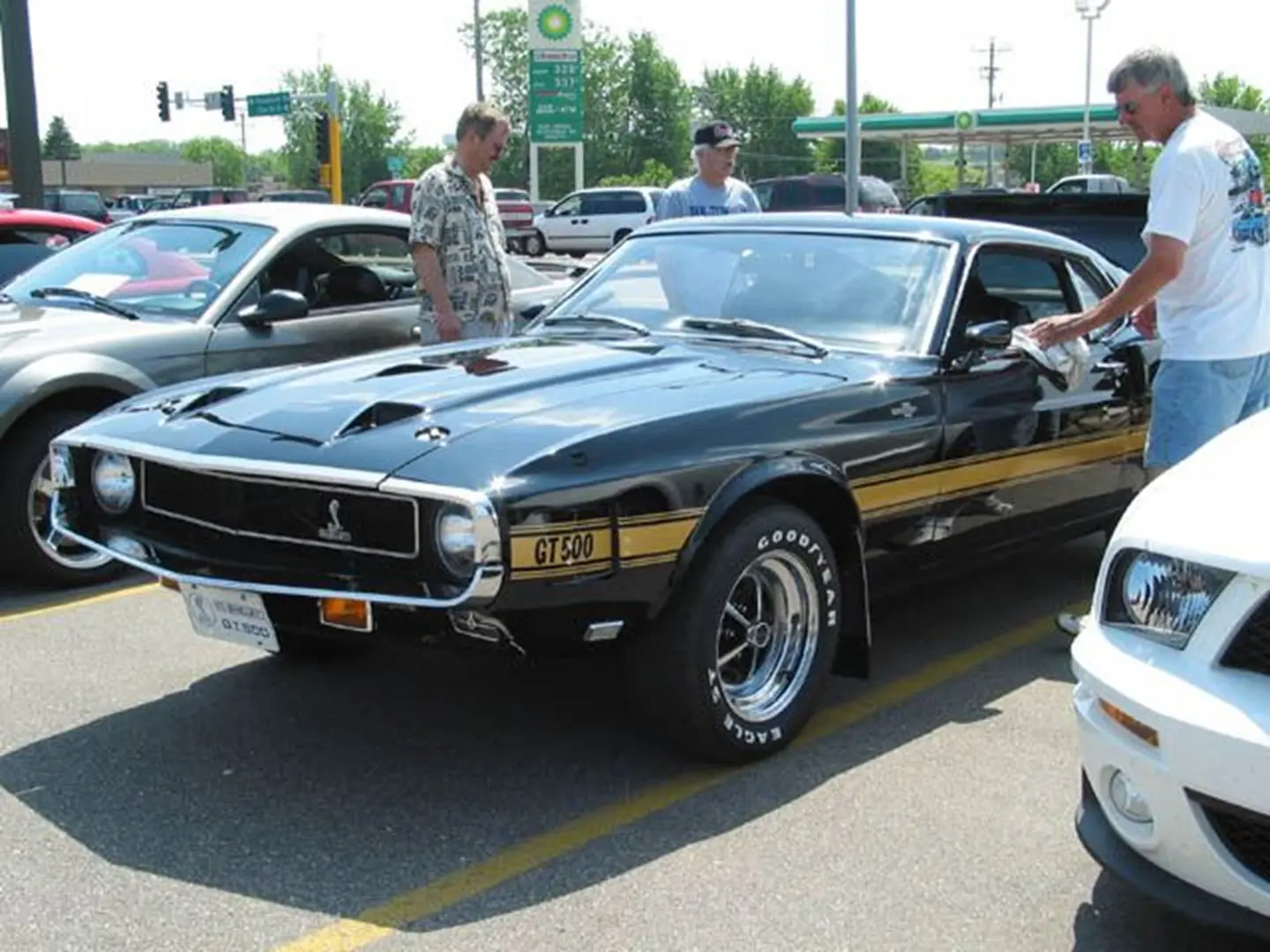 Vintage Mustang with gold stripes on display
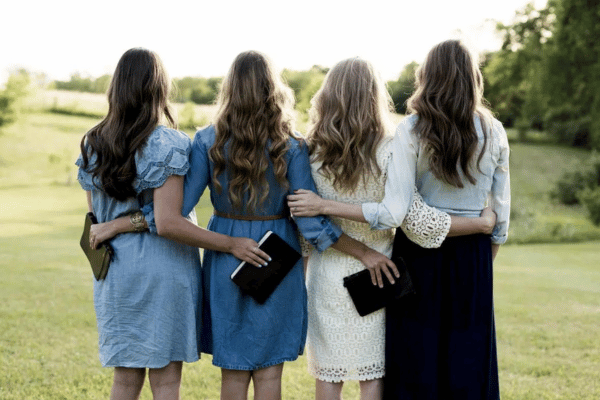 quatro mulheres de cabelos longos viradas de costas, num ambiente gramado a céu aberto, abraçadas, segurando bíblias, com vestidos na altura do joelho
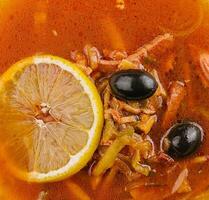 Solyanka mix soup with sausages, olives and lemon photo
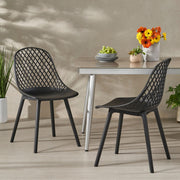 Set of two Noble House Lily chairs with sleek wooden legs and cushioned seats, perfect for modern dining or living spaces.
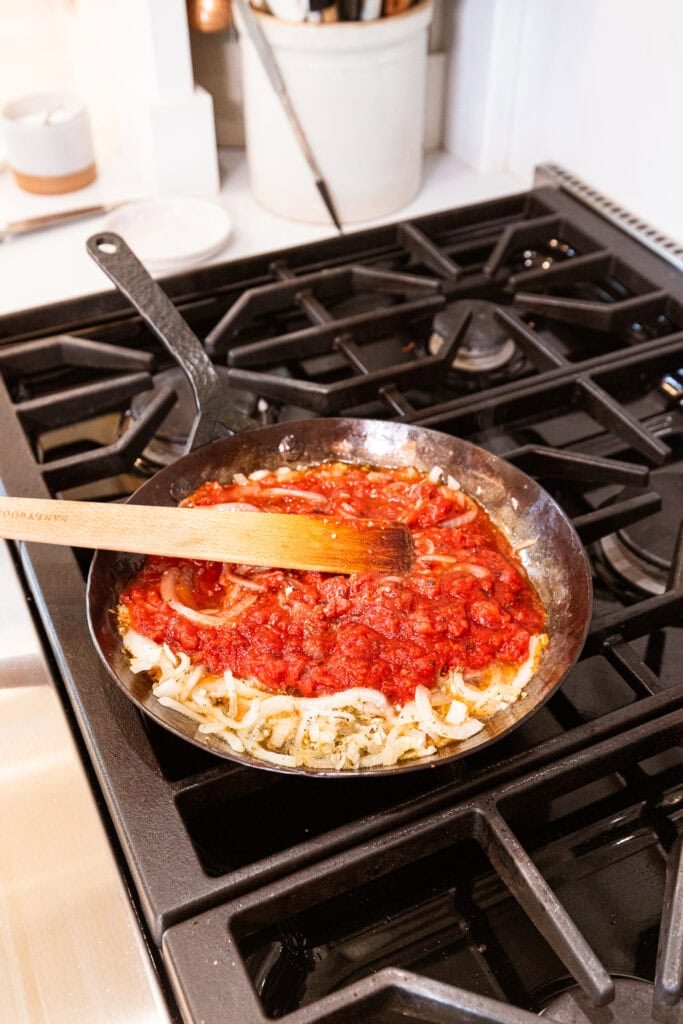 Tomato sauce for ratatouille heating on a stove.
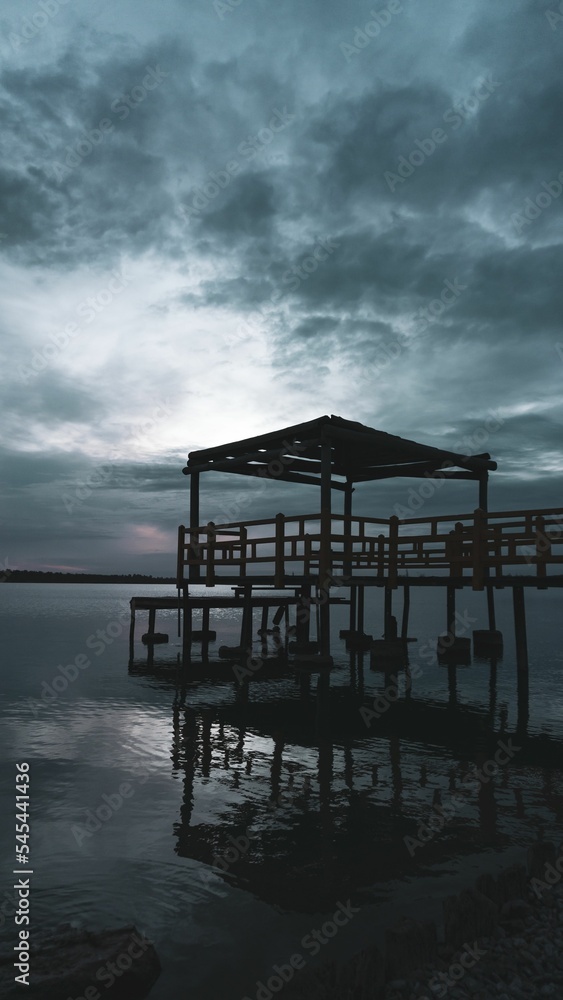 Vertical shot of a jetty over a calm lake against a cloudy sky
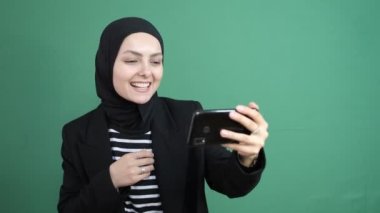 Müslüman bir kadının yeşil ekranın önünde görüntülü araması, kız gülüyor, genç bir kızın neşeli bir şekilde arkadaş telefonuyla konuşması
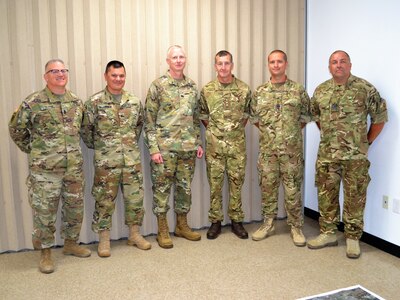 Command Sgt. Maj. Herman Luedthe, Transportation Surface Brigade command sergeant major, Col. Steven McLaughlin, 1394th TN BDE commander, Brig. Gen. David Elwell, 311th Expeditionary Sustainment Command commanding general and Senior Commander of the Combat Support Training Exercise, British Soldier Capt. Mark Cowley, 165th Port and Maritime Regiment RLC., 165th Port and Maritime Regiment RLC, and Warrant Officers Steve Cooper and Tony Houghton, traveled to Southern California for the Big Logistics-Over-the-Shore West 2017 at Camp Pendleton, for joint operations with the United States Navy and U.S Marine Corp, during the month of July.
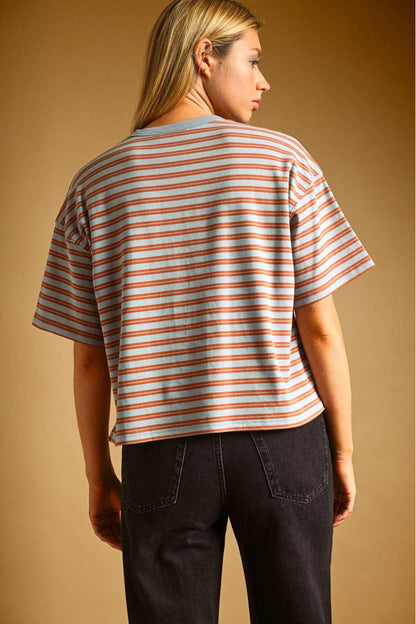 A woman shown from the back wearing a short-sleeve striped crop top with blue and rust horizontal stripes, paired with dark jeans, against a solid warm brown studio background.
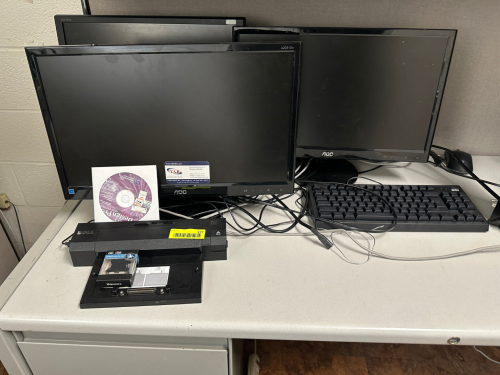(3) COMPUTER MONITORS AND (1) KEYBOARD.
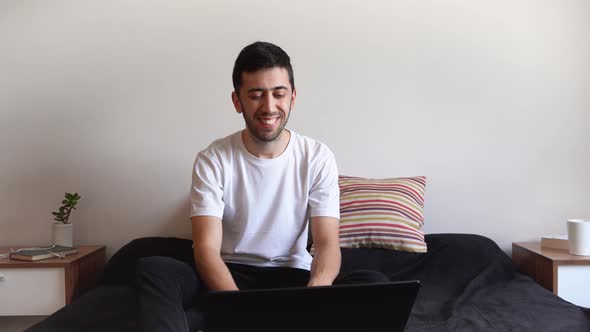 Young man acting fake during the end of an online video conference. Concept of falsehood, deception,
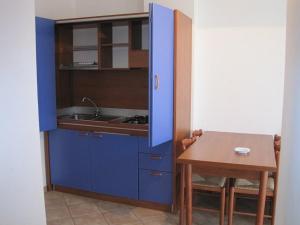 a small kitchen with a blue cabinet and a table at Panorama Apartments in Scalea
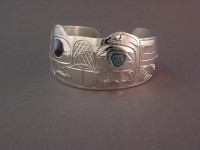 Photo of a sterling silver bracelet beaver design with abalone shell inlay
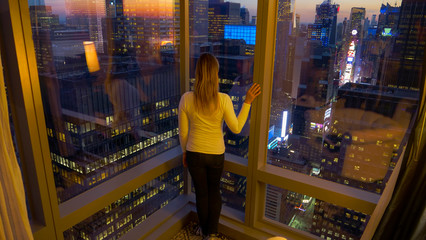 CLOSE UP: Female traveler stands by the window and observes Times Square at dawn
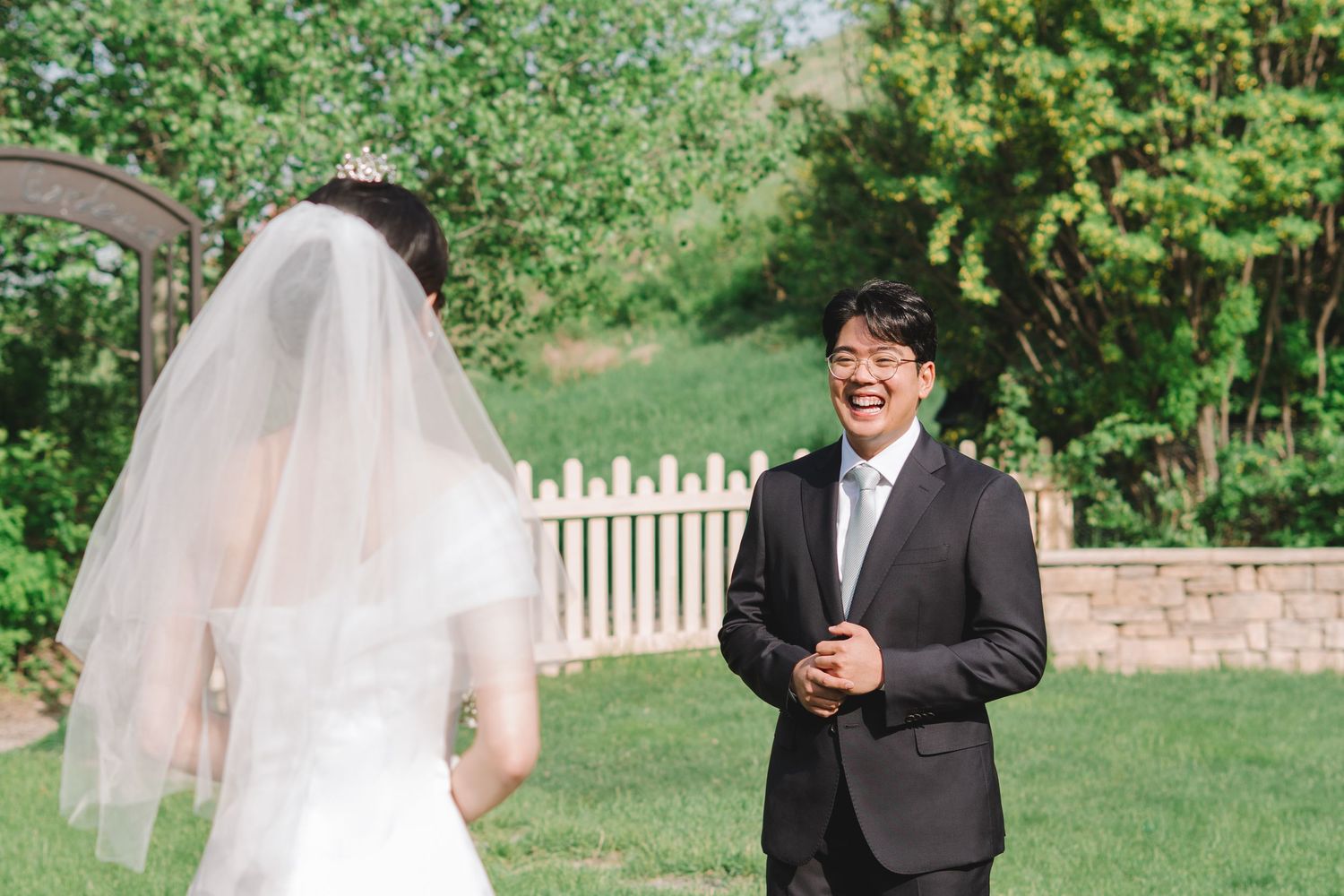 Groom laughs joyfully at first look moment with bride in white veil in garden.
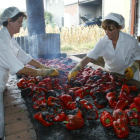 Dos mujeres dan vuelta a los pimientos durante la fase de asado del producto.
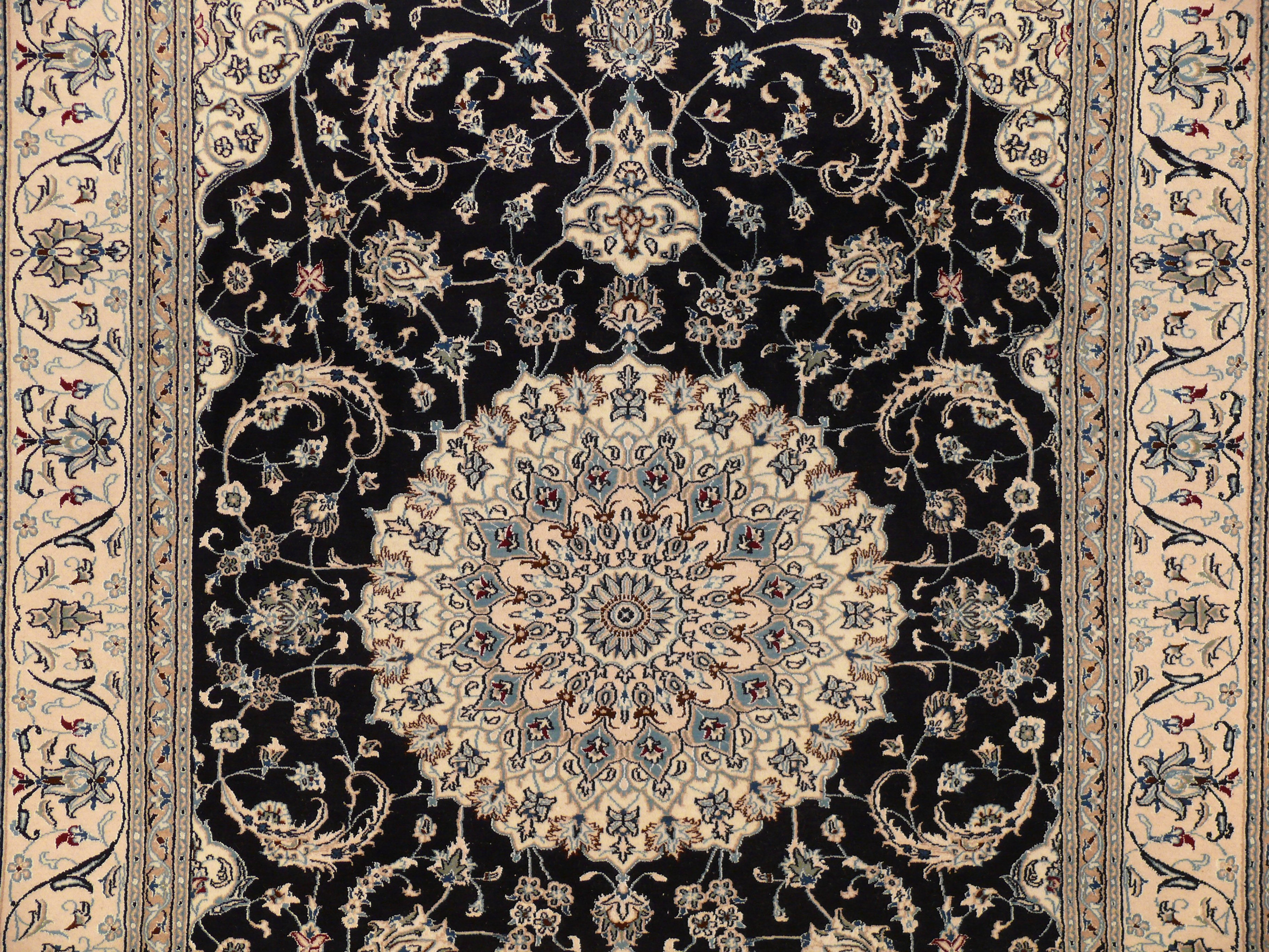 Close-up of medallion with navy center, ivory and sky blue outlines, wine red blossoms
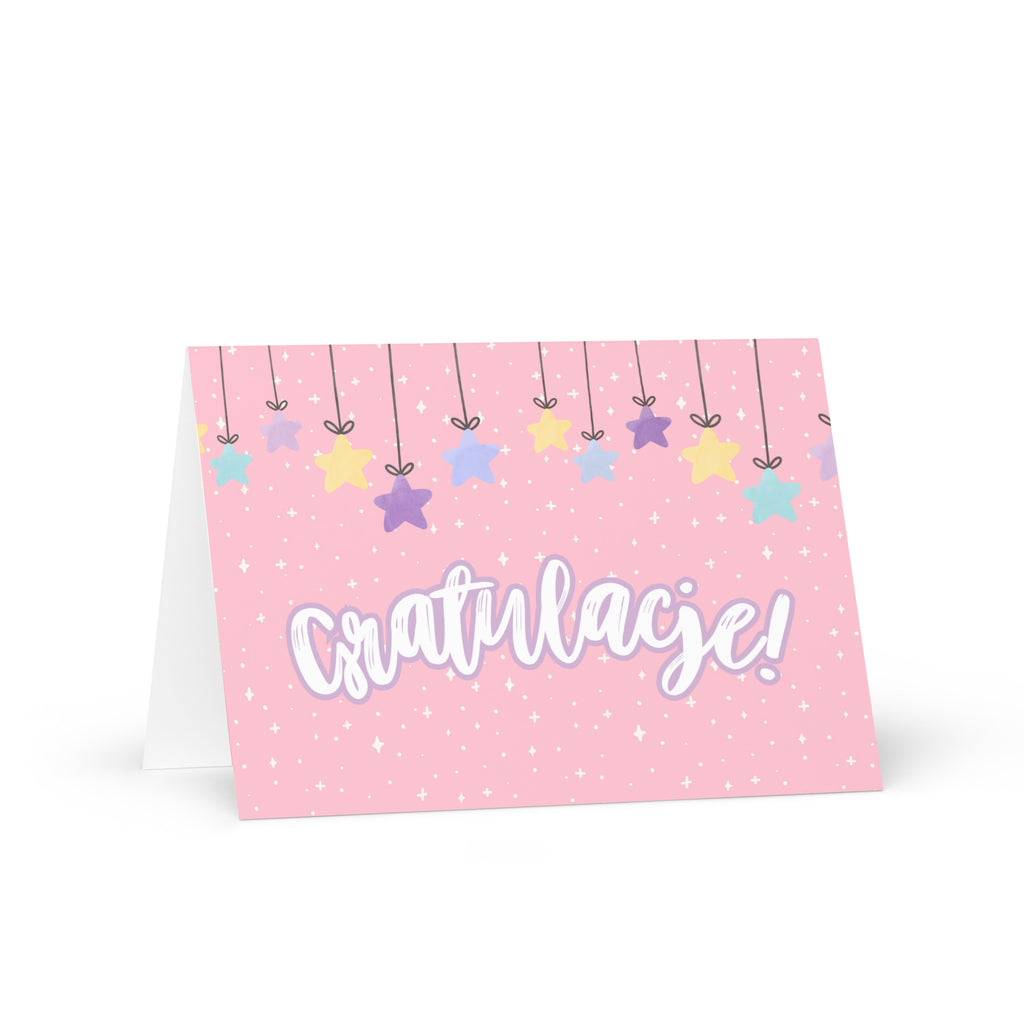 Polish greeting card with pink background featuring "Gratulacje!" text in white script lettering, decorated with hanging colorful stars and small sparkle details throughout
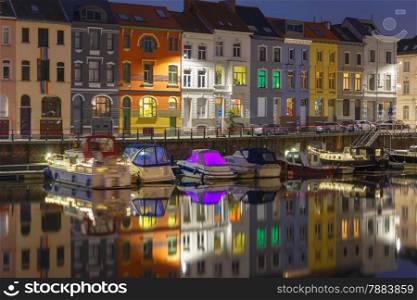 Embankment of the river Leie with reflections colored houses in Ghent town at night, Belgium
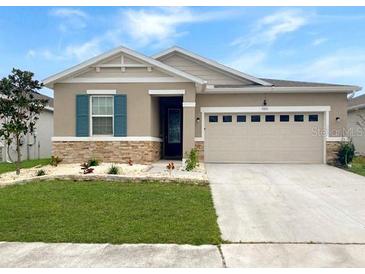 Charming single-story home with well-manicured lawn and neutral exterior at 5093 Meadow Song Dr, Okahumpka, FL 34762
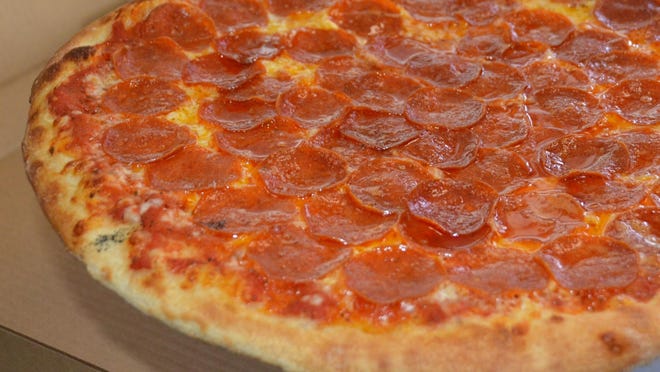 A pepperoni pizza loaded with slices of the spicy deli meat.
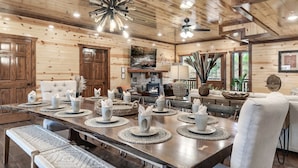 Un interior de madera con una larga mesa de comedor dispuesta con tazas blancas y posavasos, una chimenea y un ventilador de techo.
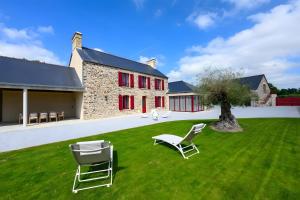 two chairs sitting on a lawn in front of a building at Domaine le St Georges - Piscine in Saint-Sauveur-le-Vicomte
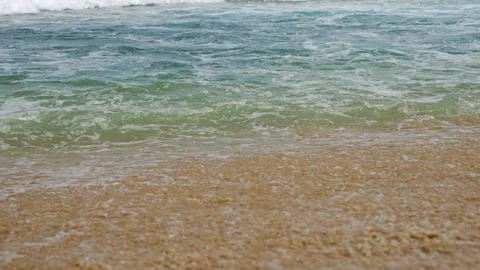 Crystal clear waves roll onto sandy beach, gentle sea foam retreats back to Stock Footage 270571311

* * *

From the line with "a small kitchen" down to the final line of the entries above, repeat each line exactly; omit the pictures.

 a small kitchen with a blue cabinet and a table at Panorama Apartments in Scalea
 Photo of a sterling silver bracelet beaver design with abalone shell inlay
 CLOSE UP: Female traveler stands by the window and observes Times Square at dawn
 Groom laughs joyfully at first look moment with bride in white veil in garden.
 Dos mujeres dan vuelta a los pimientos durante la fase de asado del producto.
 Close-up of medallion with navy center, ivory and sky blue outlines, wine red blossoms
 Polish greeting card with pink background featuring "Gratulacje!" text in white script lettering, decorated with hanging colorful stars and small sparkle details throughout
 Embankment of the river Leie with reflections colored houses in Ghent town at night, Belgium
 Charming single-story home with well-manicured lawn and neutral exterior at 5093 Meadow Song Dr, Okahumpka, FL 34762
 A pepperoni pizza loaded with slices of the spicy deli meat.
 Un interior de madera con una larga mesa de comedor dispuesta con tazas blancas y posavasos, una chimenea y un ventilador de techo.
 two chairs sitting on a lawn in front of a building at Domaine le St Georges - Piscine in Saint-Sauveur-le-Vicomte
 Crystal clear waves roll onto sandy beach, gentle sea foam retreats back to Stock Footage 270571311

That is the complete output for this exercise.